The cryptocurrency market has expanded rapidly over the past decade. Such factors that contributed to this are extreme price volatility and fluctuating investor sentiment. I aim to analyze which factors most strongly influence crypto price movements. Also, I aim to explore whether volatility can be predicted using fundamental metrics like market capitalization, trading volume, and supply.

By studying data from a wide range of coins, I want to test whether larger and established coins (like Bitcoin and Ethereum) show more stability compared to smaller or emerging coins. The long term goal is to see statistical patterns that explain short term volatility and to provide data driven insights into how liquidity and market size relate to risk.

Citations:

https://coinmarketcap.com/

https://onlinelibrary.wiley.com/doi/10.1002/ijfe.2778


### Data Collection

I plan to use the CoinMarketCap API. It is a widely used data source for cryptocurrency research. It provides up to date and historical information on thousands of digital assets. This includes current price, market cap, volume, circulating supply, and percent change over different time frames.

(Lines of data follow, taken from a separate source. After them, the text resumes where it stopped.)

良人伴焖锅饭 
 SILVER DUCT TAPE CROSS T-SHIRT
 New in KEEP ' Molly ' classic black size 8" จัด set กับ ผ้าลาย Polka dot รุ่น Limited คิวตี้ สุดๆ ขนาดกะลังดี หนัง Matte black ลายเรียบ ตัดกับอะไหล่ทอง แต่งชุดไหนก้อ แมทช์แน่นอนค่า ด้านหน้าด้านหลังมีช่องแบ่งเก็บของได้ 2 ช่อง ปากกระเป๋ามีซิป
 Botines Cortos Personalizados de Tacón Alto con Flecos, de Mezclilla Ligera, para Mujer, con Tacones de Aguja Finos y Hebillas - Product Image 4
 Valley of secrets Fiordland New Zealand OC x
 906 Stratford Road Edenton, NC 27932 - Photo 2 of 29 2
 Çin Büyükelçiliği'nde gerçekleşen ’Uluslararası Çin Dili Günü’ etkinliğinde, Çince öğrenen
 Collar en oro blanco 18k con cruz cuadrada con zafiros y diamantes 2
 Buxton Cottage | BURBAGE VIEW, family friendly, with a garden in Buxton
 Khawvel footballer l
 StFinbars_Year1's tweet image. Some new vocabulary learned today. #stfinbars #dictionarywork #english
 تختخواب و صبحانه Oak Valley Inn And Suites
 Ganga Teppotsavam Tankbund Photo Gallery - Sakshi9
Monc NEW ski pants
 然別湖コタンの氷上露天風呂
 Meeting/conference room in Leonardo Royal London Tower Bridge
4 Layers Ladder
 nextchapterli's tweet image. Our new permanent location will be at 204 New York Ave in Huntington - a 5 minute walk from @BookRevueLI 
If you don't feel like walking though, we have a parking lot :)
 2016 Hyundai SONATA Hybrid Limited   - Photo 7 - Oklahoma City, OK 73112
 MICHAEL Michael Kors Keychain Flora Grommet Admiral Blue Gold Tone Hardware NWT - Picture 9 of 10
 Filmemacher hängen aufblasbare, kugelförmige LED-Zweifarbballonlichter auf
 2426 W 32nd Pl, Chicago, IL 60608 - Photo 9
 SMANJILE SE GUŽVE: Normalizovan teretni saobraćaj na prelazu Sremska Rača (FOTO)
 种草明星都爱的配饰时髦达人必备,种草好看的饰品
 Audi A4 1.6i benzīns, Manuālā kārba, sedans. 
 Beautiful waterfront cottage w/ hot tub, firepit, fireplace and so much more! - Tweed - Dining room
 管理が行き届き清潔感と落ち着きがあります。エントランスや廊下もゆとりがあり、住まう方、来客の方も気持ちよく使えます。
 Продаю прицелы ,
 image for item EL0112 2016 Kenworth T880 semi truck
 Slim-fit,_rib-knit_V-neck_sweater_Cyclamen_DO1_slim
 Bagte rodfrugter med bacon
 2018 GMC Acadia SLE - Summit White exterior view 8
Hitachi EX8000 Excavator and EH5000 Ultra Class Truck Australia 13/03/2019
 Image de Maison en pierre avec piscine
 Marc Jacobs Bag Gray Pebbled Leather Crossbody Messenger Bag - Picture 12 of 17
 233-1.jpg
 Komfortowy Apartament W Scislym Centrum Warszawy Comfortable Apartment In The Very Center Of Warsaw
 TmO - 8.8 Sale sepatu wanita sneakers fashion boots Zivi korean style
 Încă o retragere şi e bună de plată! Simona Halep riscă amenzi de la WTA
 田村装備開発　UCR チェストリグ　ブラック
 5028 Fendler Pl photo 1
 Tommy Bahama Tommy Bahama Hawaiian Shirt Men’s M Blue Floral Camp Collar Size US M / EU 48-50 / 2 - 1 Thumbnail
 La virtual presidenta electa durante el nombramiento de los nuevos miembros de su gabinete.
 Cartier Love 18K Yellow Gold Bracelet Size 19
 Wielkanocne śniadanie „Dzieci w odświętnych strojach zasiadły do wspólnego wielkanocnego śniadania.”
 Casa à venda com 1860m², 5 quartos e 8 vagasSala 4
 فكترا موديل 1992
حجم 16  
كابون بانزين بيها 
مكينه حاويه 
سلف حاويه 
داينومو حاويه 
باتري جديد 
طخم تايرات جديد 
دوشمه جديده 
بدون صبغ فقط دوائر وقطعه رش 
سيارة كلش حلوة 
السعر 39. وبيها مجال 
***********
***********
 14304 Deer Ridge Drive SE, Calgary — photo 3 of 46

The CoinMarketCap API requires a free personal API key. The code below is written so that you can insert your own key before running. It will pull data for the top 50 cryptocurrencies by market capitalization and save it locally as a CSV file.

In [2]:
import requests
import pandas as pd

def collect_crypto_data(api_key):
    """
    Fetches data on the top 50 cryptocurrencies by market capitalization
    from the CoinMarketCap API and saves it locally as a CSV file.

    Args:
        api_key (str): My personal CoinMarketCap API key for authentication.

    Returns:
        pd.DataFrame: A DataFrame containing cryptocurrency information with the following columns:
            - name (str): Name of the cryptocurrency.
            - symbol (str): Ticker symbol.
            - market_cap (float): Market capitalization in USD.
            - price (float): Current price in USD.
            - volume_24h (float): 24-hour trading volume in USD.
            - percent_change_24h (float): 24-hour percent price change.
            - category (str): 'Large Cap' for top 10 coins by market cap, 'Altcoin' otherwise.
    """

    url = "https://pro-api.coinmarketcap.com/v1/cryptocurrency/listings/latest"
    headers = {"X-CMC_PRO_API_KEY": api_key}
    params = {
        "start": 1,
        "limit": 50,
        "convert": "USD"
    }

    response = requests.get(url, headers=headers, params=params)
    data = response.json()["data"]

    records = []
    for coin in data:
        quote = coin["quote"]["USD"]
        records.append({
            "name": coin["name"],
            "symbol": coin["symbol"],
            "market_cap": quote["market_cap"],
            "price": quote["price"],
            "volume_24h": quote["volume_24h"],
            "percent_change_24h": quote["percent_change_24h"],
            "category": "Large Cap" if coin["cmc_rank"] <= 10 else "Altcoin"
        })

    df = pd.DataFrame(records)
    df.to_csv("coinmarketcap_phase1.csv", index=False)
    return df

crypto_df = collect_crypto_data("3019e35c-039d-47da-ac7c-bf9e244307e3")
crypto_df.head()


Unnamed: 0,name,symbol,market_cap,price,volume_24h,percent_change_24h,category
0,Bitcoin,BTC,2464707000000.0,123679.326246,40537390000.0,1.416342,Large Cap
1,Ethereum,ETH,549111800000.0,4549.270906,26235430000.0,1.603889,Large Cap
2,XRP,XRP,180111600000.0,3.008293,4160625000.0,-0.17659,Large Cap
3,Tether USDt,USDT,177078500000.0,1.00027,105109500000.0,-0.016217,Large Cap
4,BNB,BNB,162053300000.0,1164.302785,3620805000.0,-0.671598,Large Cap


### Data Usage and Remaining Issues

The dataset provides a balance of numeric and categorical information that is perfect for exploratory and predictive analysis. In future phases, I will create scatterplots of market cap vs volatility and volume vs price change. I will also compare stability between Large Cap and Altcoin categories. Thirdly, I will investigate correlations among volume, market cap, and 24 hour returns. Lastly, I will develop regression or clustering models to predict volatility.

I will use machine learning approaches to characterize relationships between features and predict numerical values. I can use regression techniques to quantify how market cap, volume, and category relate to price volatility. Also, I can develop models that predict the percent_change_24h value based on the other features, or potentially classify coins into high volatility versus low volatility categories. I think using scikit-learn would be beneficial.

Potential issues include handling API rate limits and making sure data consistency over time if multiple collection sessions are needed. However, these can be managed with short request delays or local caching.